> What you are asked to do: Would you copy only the lines below, from the one containing "Uttarakhand Weather Update" through the very last one, leaving the pictures out?

> Collection entries:
--*--

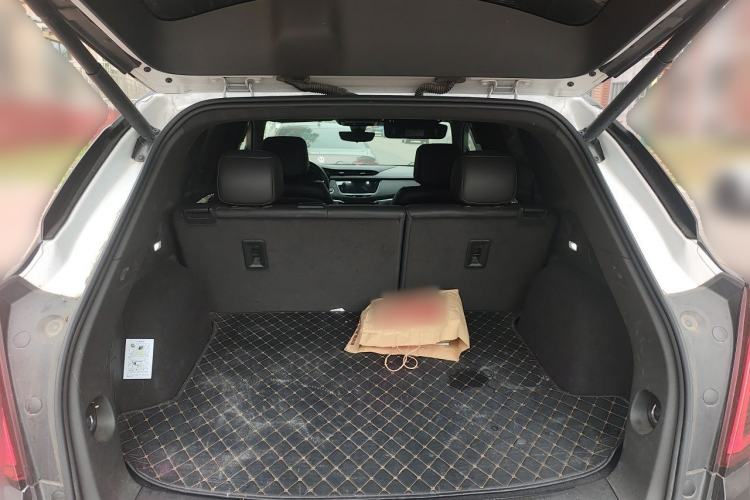 Used Cadillac XT5 2020 Revised Version 28T Luxury Edition Trunk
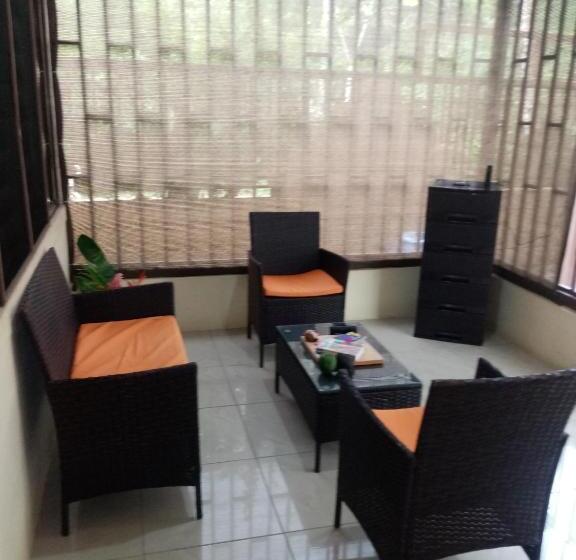 تختخواب و صبحانه La Casita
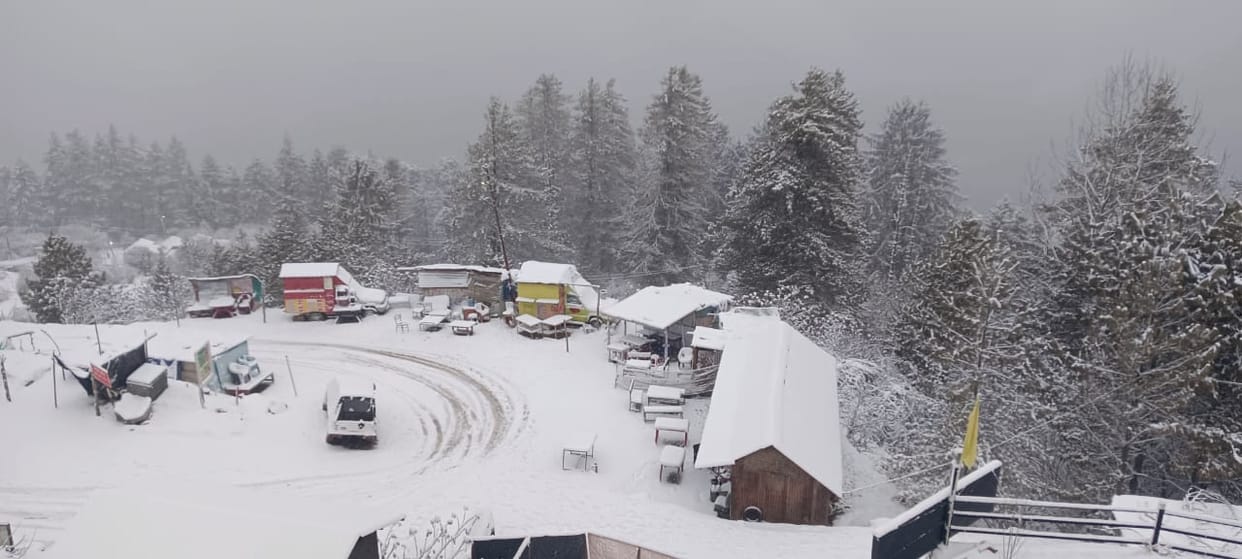 Uttarakhand Weather Update Today Possibility of light rainfall and Snowfall in hilly districts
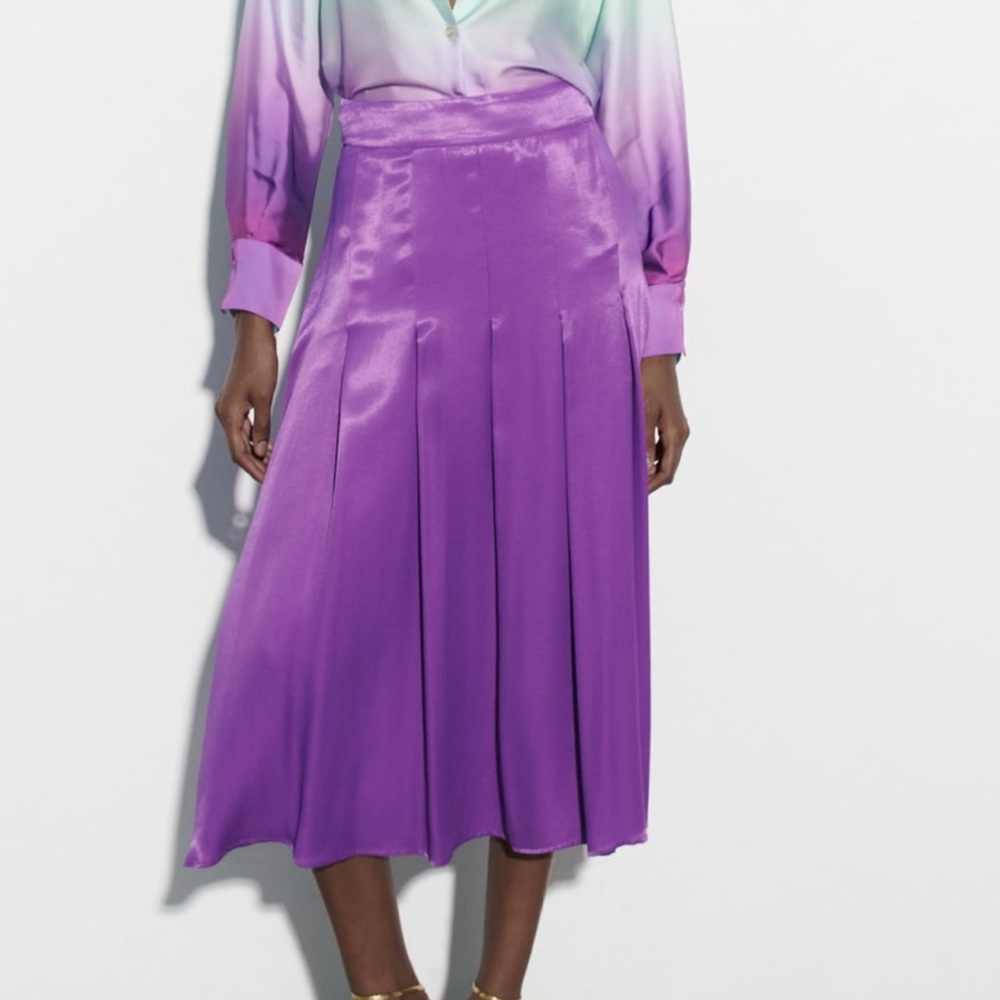 Zara satin effect box pleat skirt
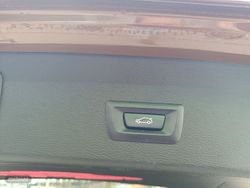 BMW X1 XDRIVE 18I - Miniatura 18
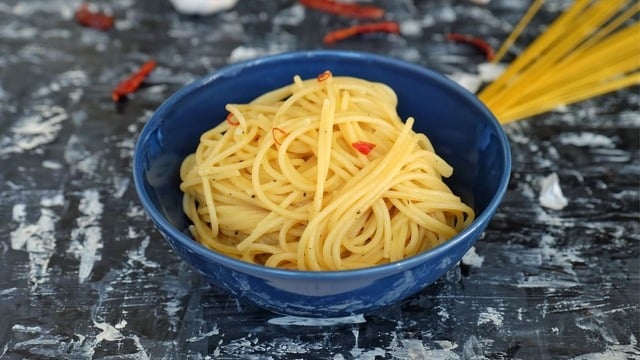 İtalyan Mutfağından: Acılı Sarımsaklı Spaghetti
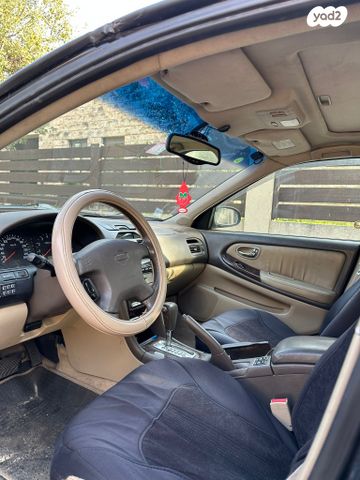 ניסאן מקסימה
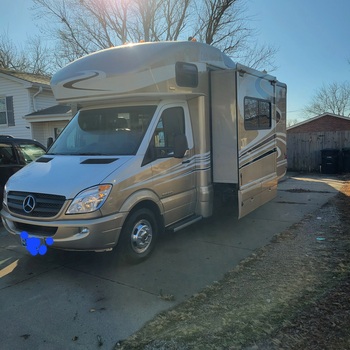 Thumbnail of RV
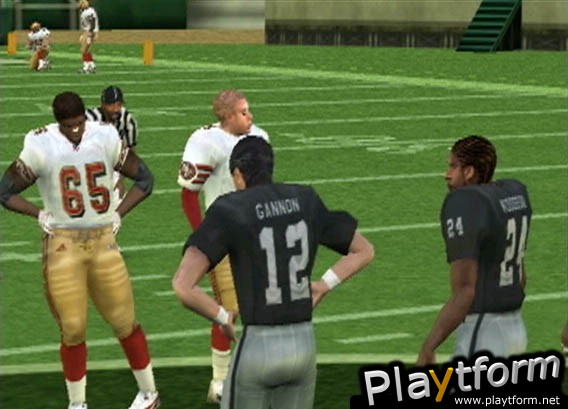 NFL Quarterback Club 2002 (PlayStation 2)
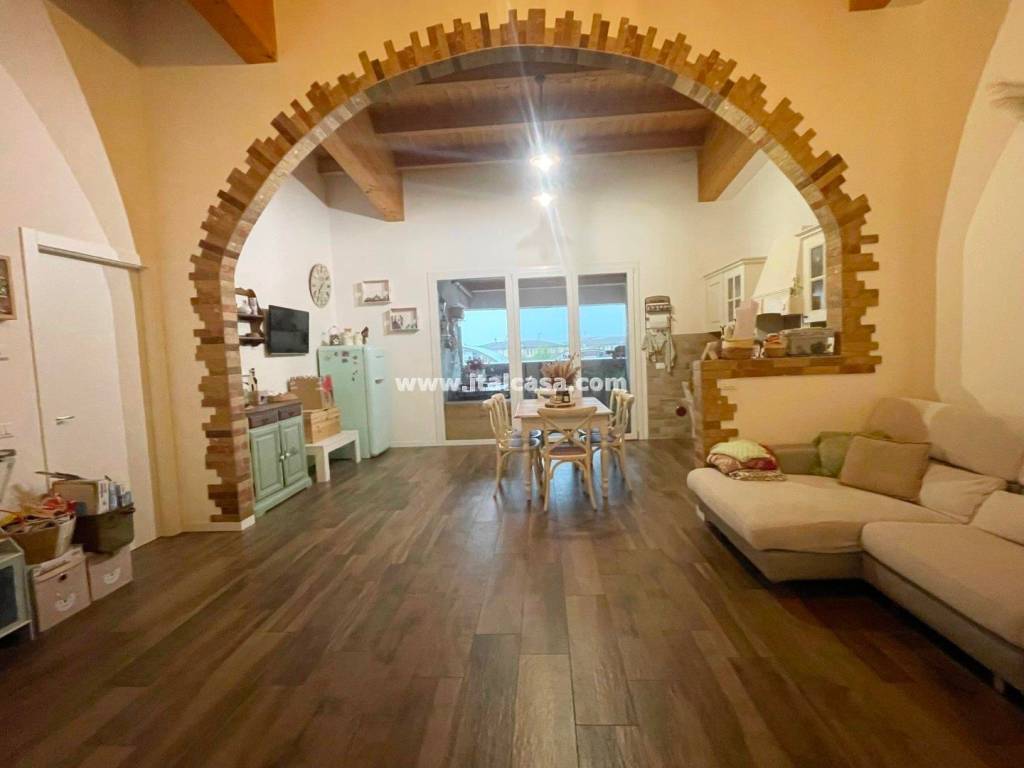 appartamento in vendita a Mantova in zona Chiesanuova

--*--

> Finished task:
 Uttarakhand Weather Update Today Possibility of light rainfall and Snowfall in hilly districts
 Zara satin effect box pleat skirt
 BMW X1 XDRIVE 18I - Miniatura 18
 İtalyan Mutfağından: Acılı Sarımsaklı Spaghetti
 ניסאן מקסימה
 Thumbnail of RV
 NFL Quarterback Club 2002 (PlayStation 2)
 appartamento in vendita a Mantova in zona Chiesanuova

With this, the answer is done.